Information shown:
● ● ●

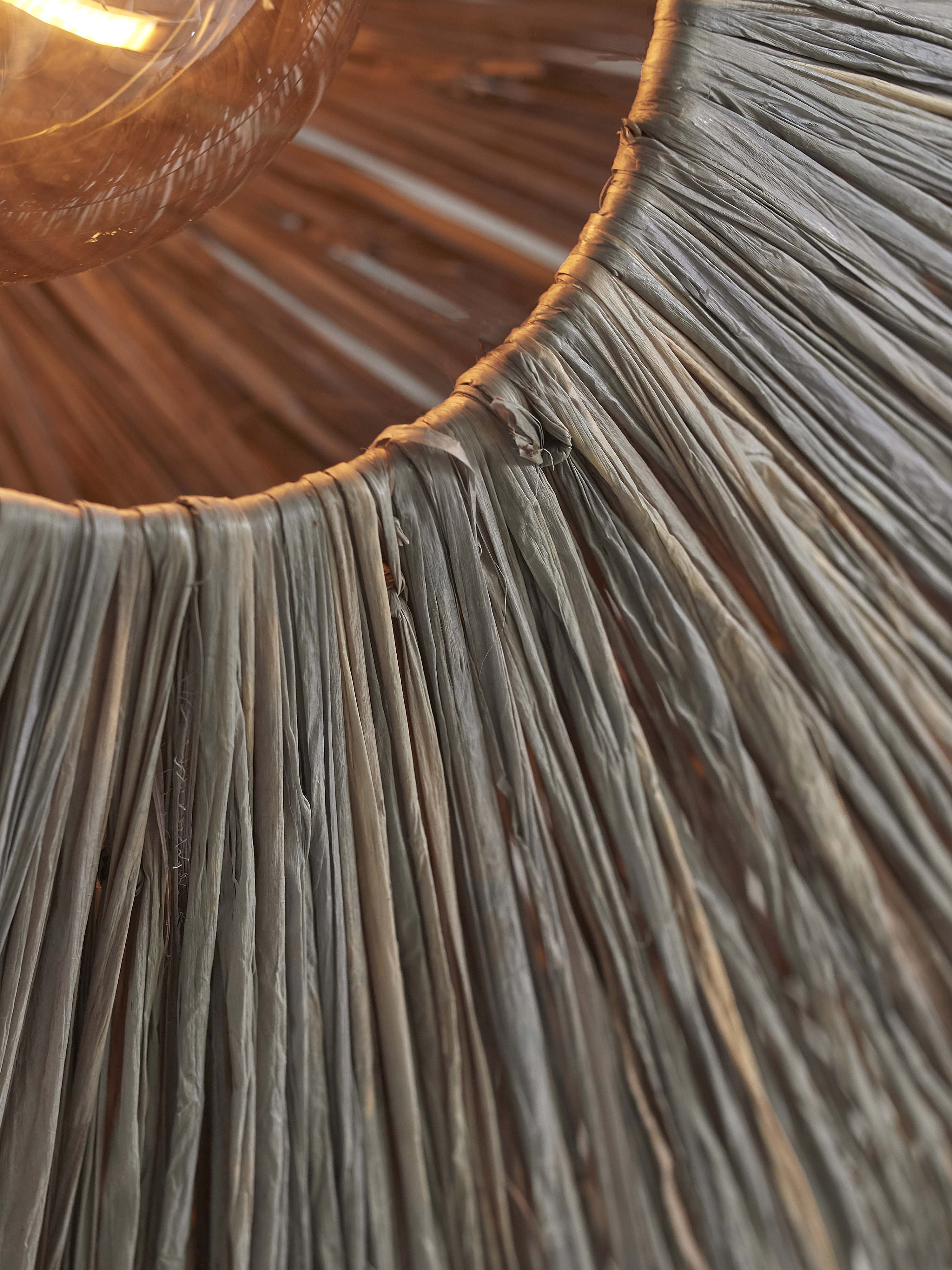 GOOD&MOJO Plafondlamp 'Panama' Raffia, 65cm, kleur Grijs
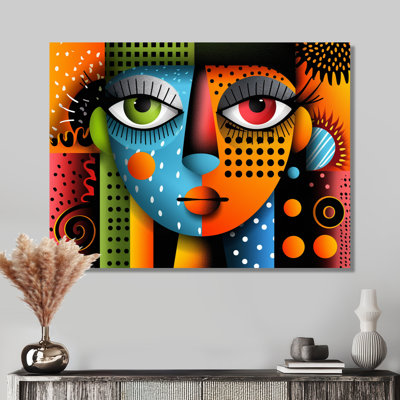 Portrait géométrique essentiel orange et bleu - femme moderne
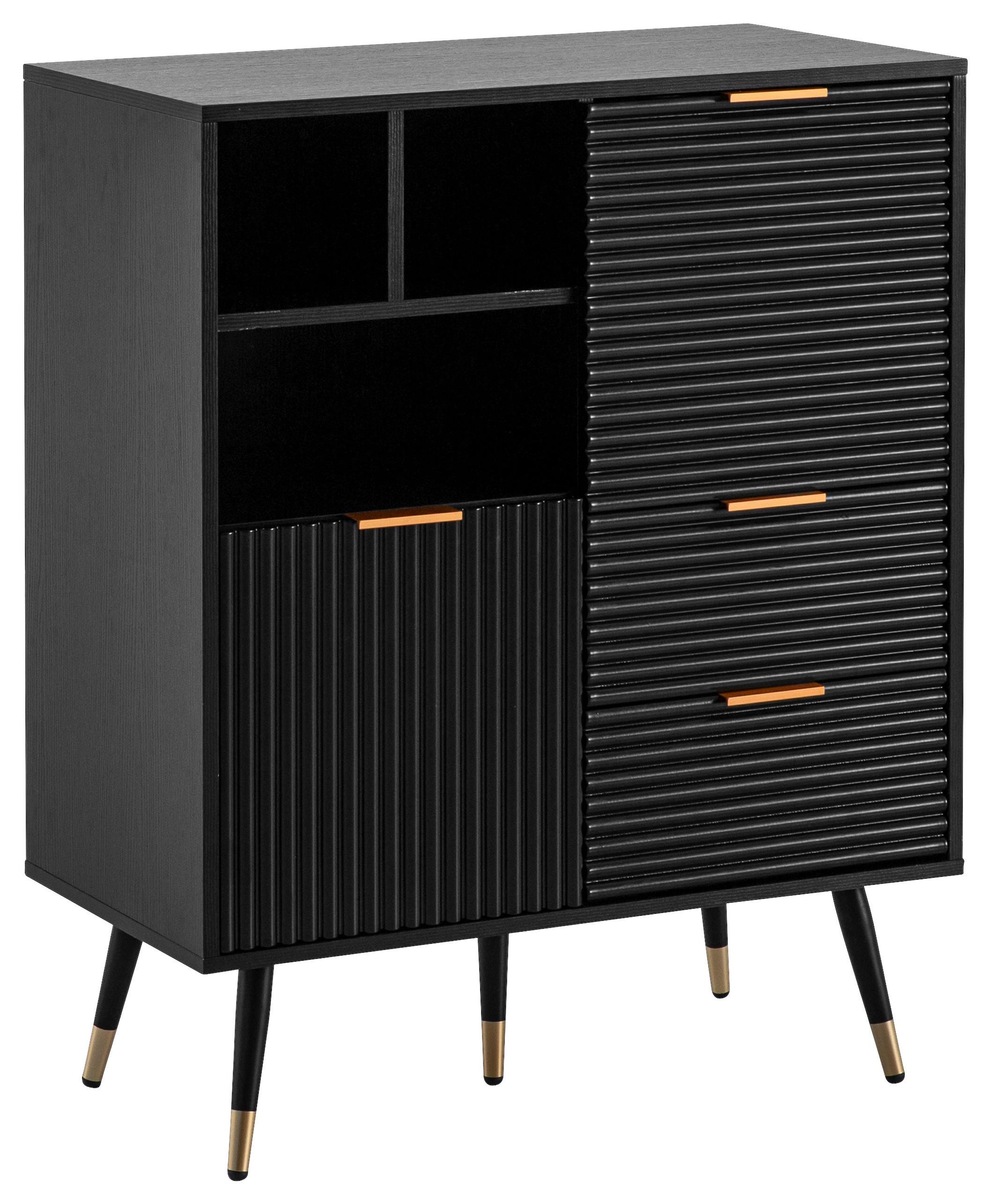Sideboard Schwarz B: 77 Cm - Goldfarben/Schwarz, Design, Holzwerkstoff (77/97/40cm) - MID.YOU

● ● ●

Exercise aim:
Write out the data once more exactly, omitting the pictures.

Task answer:
 GOOD&MOJO Plafondlamp 'Panama' Raffia, 65cm, kleur Grijs
 Portrait géométrique essentiel orange et bleu - femme moderne
Sideboard Schwarz B: 77 Cm - Goldfarben/Schwarz, Design, Holzwerkstoff (77/97/40cm) - MID.YOU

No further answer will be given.